» WHAT IS BEING ASKED:
What should you transcribe? Every line from the top of the records below through the line with "A gold cross", exactly, and no pictures.

» EXTRACTED DATA:

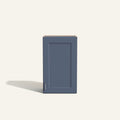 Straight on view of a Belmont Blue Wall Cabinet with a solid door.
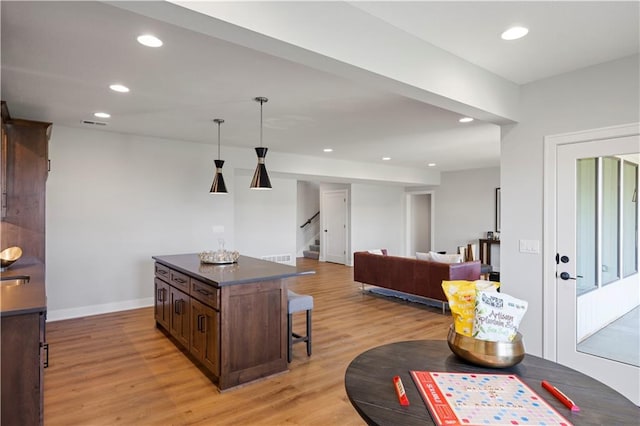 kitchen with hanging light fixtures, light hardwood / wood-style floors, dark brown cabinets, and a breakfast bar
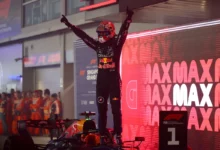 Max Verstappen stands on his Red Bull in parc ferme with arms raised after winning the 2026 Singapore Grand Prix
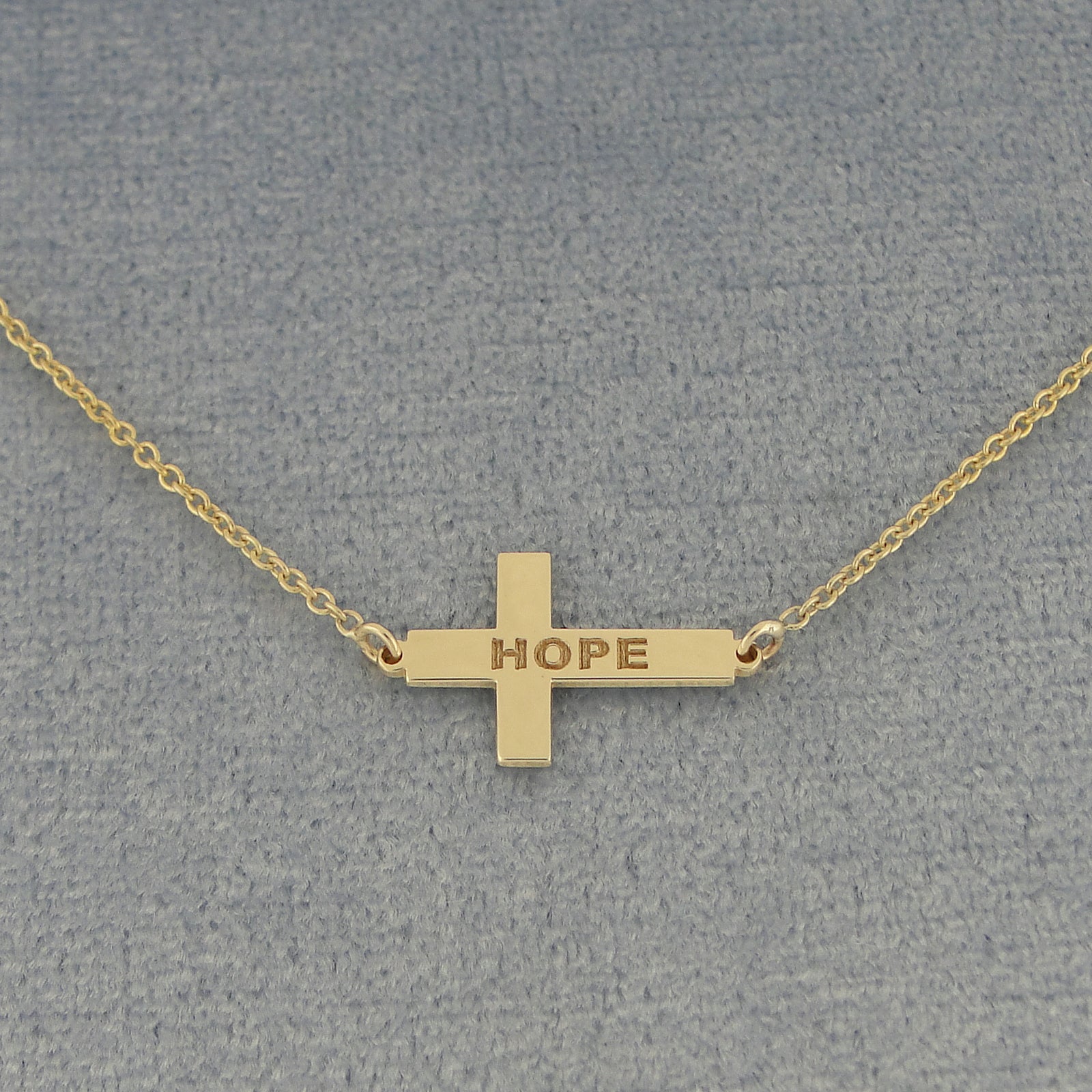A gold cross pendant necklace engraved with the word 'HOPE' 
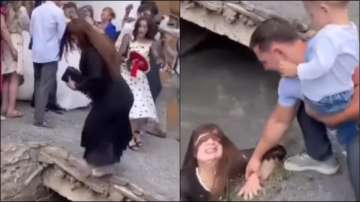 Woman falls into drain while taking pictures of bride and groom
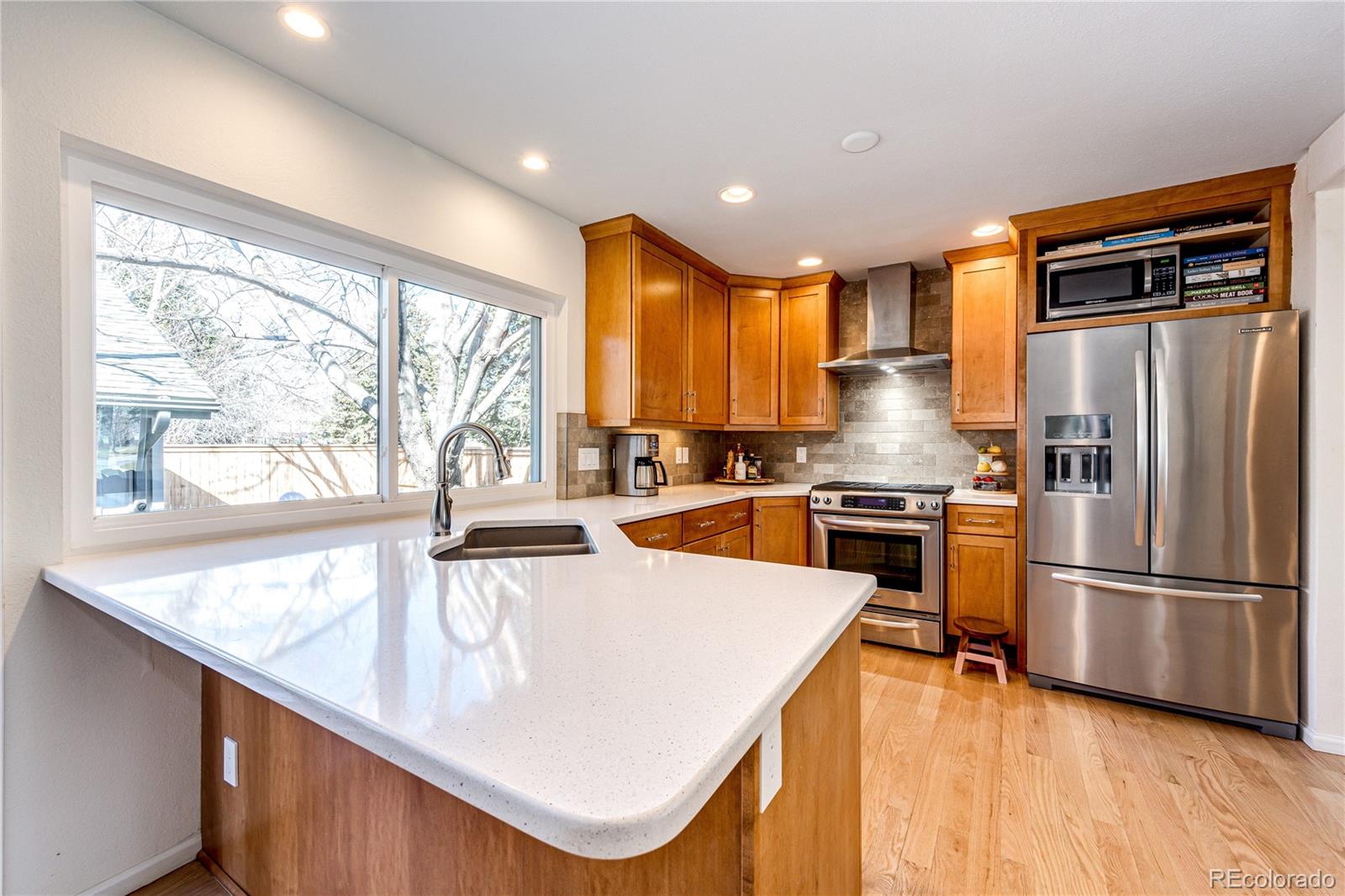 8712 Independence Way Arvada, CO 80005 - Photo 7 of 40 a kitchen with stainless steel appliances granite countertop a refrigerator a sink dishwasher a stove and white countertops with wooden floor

» SOLUTION FOR THIS EXERCISE:
 Straight on view of a Belmont Blue Wall Cabinet with a solid door.
 kitchen with hanging light fixtures, light hardwood / wood-style floors, dark brown cabinets, and a breakfast bar
 Max Verstappen stands on his Red Bull in parc ferme with arms raised after winning the 2026 Singapore Grand Prix
A gold cross pendant necklace engraved with the word 'HOPE' 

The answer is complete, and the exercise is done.